▶ _Information supplied_
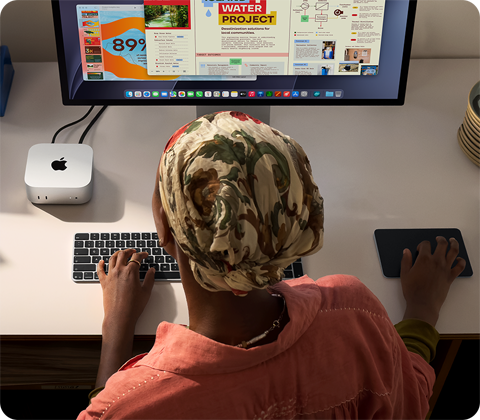 Човек пише на бюро с Mac mini, свързан със Studio Display, Magic Keyboard, Magic Trackpad, различни неща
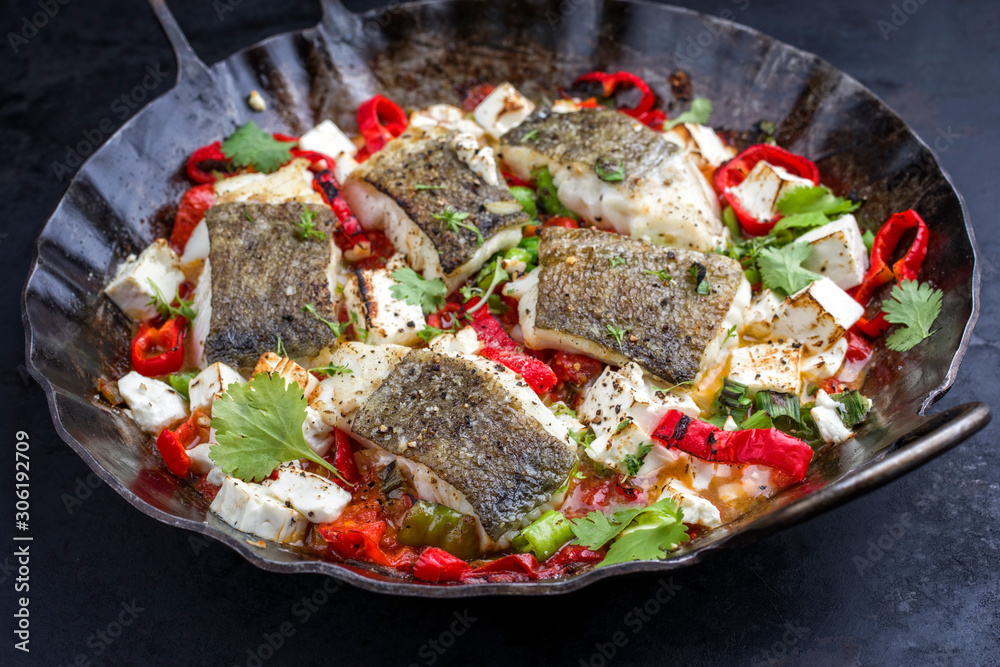 Traditional fried Greek cod fish filet casserole with feta cheese and vegetable as closeup in a rustic wrought iron pan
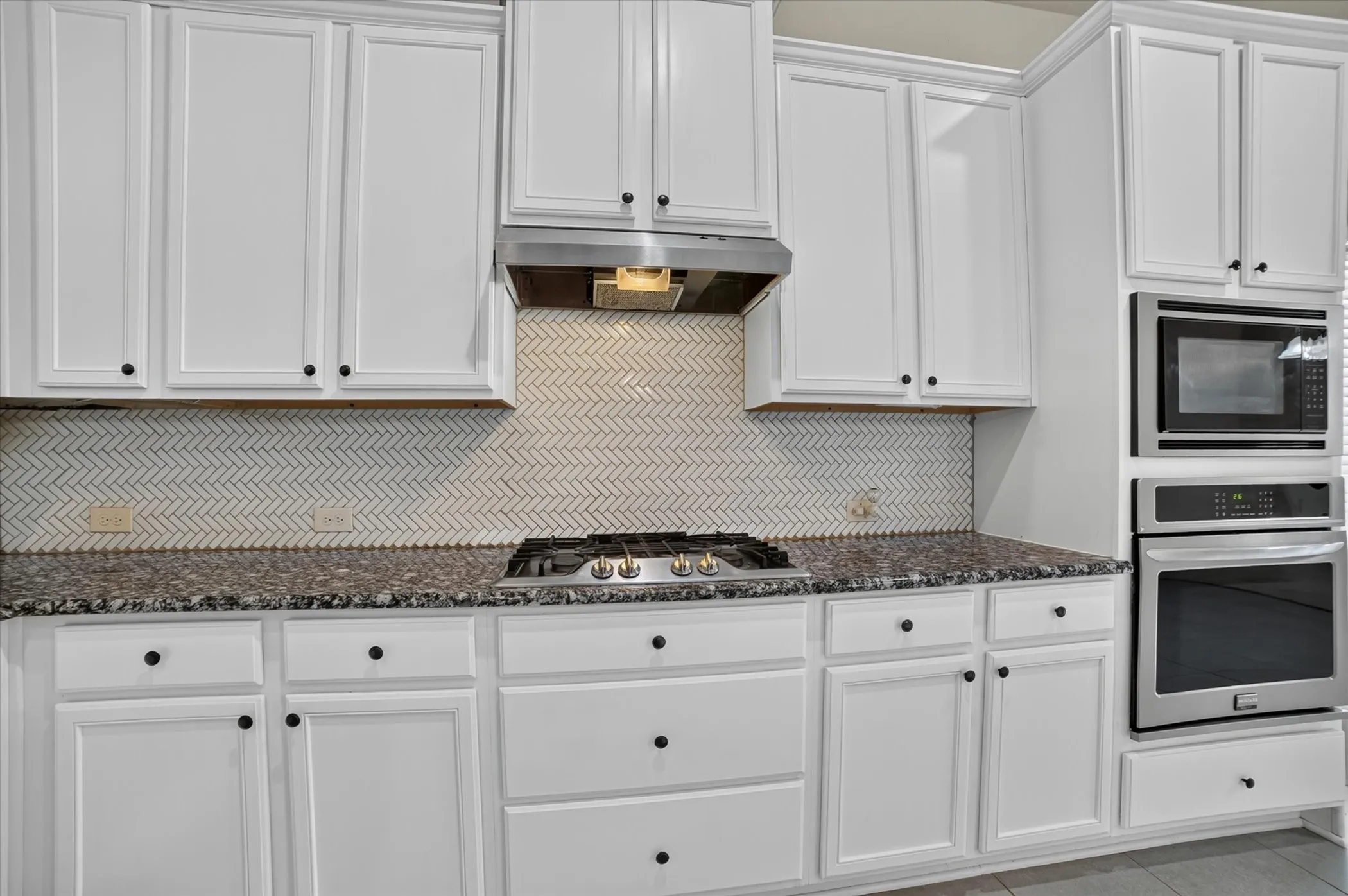Kitchen with white shaker cabinetry, dark countertops, a herringbone tile backsplash, and stainless steel appliances including a gas range and built-in oven and microwave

▶ _Task description_
Leave every image out, and retype the material exactly.

▶ _Response_
 Човек пише на бюро с Mac mini, свързан със Studio Display, Magic Keyboard, Magic Trackpad, различни неща
 Traditional fried Greek cod fish filet casserole with feta cheese and vegetable as closeup in a rustic wrought iron pan
Kitchen with white shaker cabinetry, dark countertops, a herringbone tile backsplash, and stainless steel appliances including a gas range and built-in oven and microwave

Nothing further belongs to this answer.